By any reasonable standard, this guy is at least three bubbles off plumb.

Alabama Sen. Jeff Sessions, the attorney general-designate, was rejected by the senate for a federal judgeship back in the 1980’s because of his racist views and derogatory treatment of African-American subordinates and approving comments concerning the Ku Klux Klan. He has referred to the NAACP, the ACLU and the National Council of Churches as “un-American” and “communist inspired.” Since election to the senate from Alabama, he has been an implacable opponent of voting rights. His fervid antagonism toward immigrants, both undocumented and legal has made him perhaps Washington’s leading neonativist.

Trump’s selection as his National Security Advisor—a position not subject to senate confirmation—retired Lt. Gen. Michael Flynn essentially was fired as head of the Defense Intelligence Agency because of his erratic and disruptive conduct. Since then, he’s become one of the country’s most prominent Islamophobes, promoting the idea that Muslim extremism is an inherent feature of that religion.

Fear of Islam and of Muslims, he has tweeted, is a “rational” anxiety. He also has close business ties to both Russian strongman Vladimir Putin and the incipient Turkish dictator, Recep Erdogan. Flynn’s anchor to the truth is so tenuous that his one-time colleagues in the Defense Intelligence Agency coined the term “Flynn facts” to describe his frequent flights of fancy.
Given the penchant for fantasy he shares with his boss, Flynn’s meetings with his president may resemble a Hollywood story conference more than an Oval Office briefing.

The president-elect’s nominee as Director of Central Intelligence, Rep. Mike Pompeo was a leading Benghazi conspiracy theorist and is one of the House’s vocal anti-Muslim voices. He has been a speaker at notorious Islamophobe Frank Gaffney’s extremist “think tank,” the Center for Security Policy, which has alleged various Obama administration officials are “secret agents of the Muslim Brotherhood,” as is Hillary Clinton aide Huma Abedin. During a recorded interview, Pompeo told Gaffney, that the fight against international terrorism “extends beyond those [Muslims] who are just engaged in violent extremism.” He added: “We don’t have to say that all Muslims are bad.
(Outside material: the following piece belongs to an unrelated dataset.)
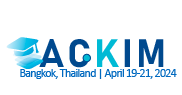 2024 2nd Asia Conference on Knowledge and Innovation Management ACKIM 2024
But … we’re going to have to have a broader approach in order to keep Americans safe.”

God knows what that entails in these characters’ minds. Perhaps yellow crescents on Muslims’ outer garments?

And yet, Trump’s approval ratings in the polls—once so lackluster—continue to climb. In my mind, and I suspect in others, all this has reinforced the sense I’ve had since Election Day that I live in a country I no longer know, among a people large numbers of whom are strangers to me. In fact, this country is more deeply divided than it has been at any time since the Civil War.
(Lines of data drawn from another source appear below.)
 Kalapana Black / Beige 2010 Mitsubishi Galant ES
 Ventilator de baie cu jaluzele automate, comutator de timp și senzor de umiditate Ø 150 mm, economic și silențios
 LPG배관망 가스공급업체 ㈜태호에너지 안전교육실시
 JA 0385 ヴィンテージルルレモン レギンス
Benjamin Disraeli’s description of England after the industrial revolution aptly captures the current American moment: We are “two nations between whom there is no intercourse and no sympathy; who are as ignorant of each other’s habits, thoughts, and feelings, as if they were dwellers in different zones, or inhabitants of different planets.”

Conventional wisdom holds that the fissures created by the Civil War took generations to heal. As the recent election returns show, it would closer to the mark to say that they never did. Whether or win this new divide ever will be bridged seems to me, at this moment at least, an open question.
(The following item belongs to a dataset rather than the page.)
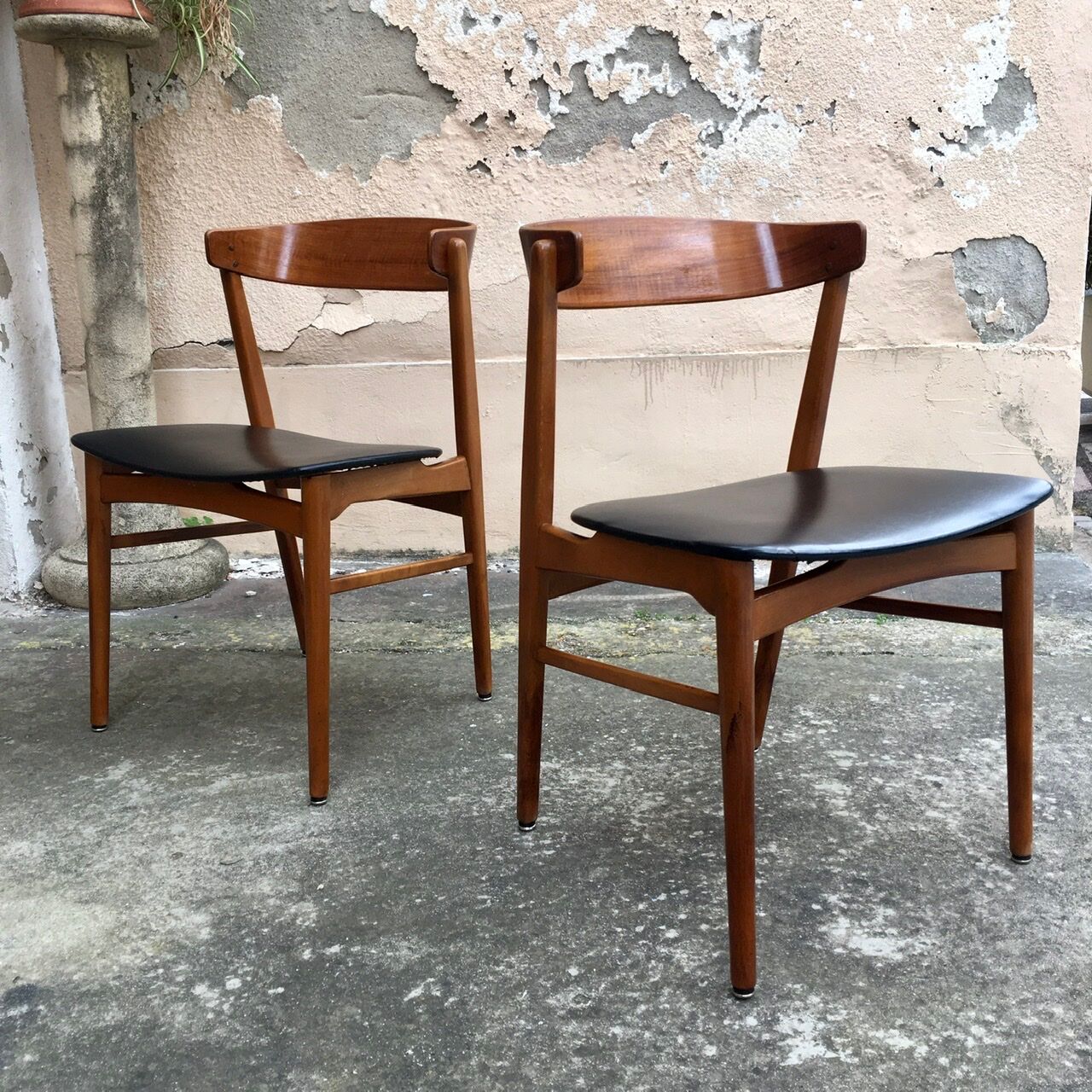 Chairs  Farstrup- Denmark - 1960s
Much that will affront, disgust and appall is about to occur in our national life. The temptation is to become an “émigré of the interior” or “inner émigré” as those Frenchmen who opposed Napoleon and could not collaborate in his tyranny but refused to leave their native land were called.

That would be the comfortable course, but resistance—intellectual, cultural and political—is the honorable one.

We might hold fast to Sir Kenneth Clark’s summation of his values: “I believe,” he said near the end of his long and eventful life, “that order is better than chaos, creation is better than destruction. I prefer gentleness to violence, forgiveness to vendetta. On the whole I think that knowledge is preferable to ignorance, and I am sure that human sympathy is more valuable than ideology.”